MITROVICA, Serbia, June 8 (Reuters) Serbia today called off a search for victims of the 1998-99 Kosovo war at a suspected mass grave site, saying nothing had been found in four days of digging.

But officials said investigators might shift their attention to other parts of the abandoned quarry on the boundary between Serbia and its UN-run southern province.

The dig began on Tuesday on the basis of witness testimony that four truckloads of corpses, believed to be ethnic Albanians from Kosovo, had been dumped at the site on a single day in June 1999, during NATO's bombing of Serbia.

Before work began, a senior Serbian official told Reuters that remote sensing indicated ''between 300 and 500 bodies'' were buried under sand and rock. A spokesman for the special war crimes prosecutor also said there were at least 350 corpses.

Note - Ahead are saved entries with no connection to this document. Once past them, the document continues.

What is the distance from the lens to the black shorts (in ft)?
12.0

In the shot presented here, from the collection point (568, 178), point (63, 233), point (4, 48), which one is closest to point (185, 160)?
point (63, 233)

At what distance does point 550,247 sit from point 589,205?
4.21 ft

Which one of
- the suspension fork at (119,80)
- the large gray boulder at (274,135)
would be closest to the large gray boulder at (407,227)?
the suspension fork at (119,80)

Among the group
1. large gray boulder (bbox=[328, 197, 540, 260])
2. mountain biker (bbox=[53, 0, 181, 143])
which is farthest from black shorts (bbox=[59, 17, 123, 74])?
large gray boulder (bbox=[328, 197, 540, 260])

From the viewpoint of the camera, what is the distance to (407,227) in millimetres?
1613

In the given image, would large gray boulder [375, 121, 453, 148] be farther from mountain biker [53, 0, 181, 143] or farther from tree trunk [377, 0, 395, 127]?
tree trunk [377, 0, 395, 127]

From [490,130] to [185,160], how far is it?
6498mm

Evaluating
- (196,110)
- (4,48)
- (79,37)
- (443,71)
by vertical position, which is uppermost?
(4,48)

But the head of the Serbian Commission for Missing Persons, Veljko Odalovic, said today: ''We can confirm that there is no mass grave on the site.'' A senior police official, who asked not to be named, said the search might continue.

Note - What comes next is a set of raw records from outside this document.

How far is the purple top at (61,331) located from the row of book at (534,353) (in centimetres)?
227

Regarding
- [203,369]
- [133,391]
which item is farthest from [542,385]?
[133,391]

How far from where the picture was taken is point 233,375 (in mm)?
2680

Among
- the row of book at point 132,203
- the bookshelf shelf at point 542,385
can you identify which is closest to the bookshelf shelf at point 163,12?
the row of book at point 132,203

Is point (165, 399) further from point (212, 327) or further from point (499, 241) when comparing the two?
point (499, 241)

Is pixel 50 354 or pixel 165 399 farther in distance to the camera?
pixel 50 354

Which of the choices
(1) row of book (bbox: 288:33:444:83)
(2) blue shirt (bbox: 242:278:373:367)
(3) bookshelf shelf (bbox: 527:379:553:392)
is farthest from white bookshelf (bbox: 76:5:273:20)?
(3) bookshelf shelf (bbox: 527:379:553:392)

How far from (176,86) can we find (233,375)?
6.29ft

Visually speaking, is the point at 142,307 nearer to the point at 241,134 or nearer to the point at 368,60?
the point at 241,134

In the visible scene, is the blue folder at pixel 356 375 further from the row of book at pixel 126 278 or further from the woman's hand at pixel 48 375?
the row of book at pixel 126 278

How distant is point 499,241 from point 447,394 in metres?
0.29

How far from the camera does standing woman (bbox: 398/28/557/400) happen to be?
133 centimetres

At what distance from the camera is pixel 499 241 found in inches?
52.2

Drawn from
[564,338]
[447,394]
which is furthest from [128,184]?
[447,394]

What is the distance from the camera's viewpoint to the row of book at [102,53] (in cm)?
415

''It doesn't mean that there is not a mass grave nearby, and that we are not going to start work on an exhumation at another location in the quarry,'' he told Reuters.

An international official from the Kosovo-based Office for Missing Persons and Forensics also would not rule out further investigation at the quarry, Serbian news agencies reported.

Around 10,000 ethnic Albanians died in Serbia's 1998-99 war against separatist guerrillas in Kosovo. NATO bombed for 11 weeks to drive out Serb forces, and the UN took control. More than 2,000 people are still missing, the majority Albanians.

The remains of more than 800 Kosovo Albanians were found in 2001 at two sites in Serbia, trucked hundreds of kilometres north in a systematic attempt to hide evidence of atrocities as NATO wrested control of Kosovo from Serbia.

The 90-percent Albanian majority demands independence, but world powers remain deadlocked on a UN resolution the West hopes will open the door to statehood but which Russia opposes.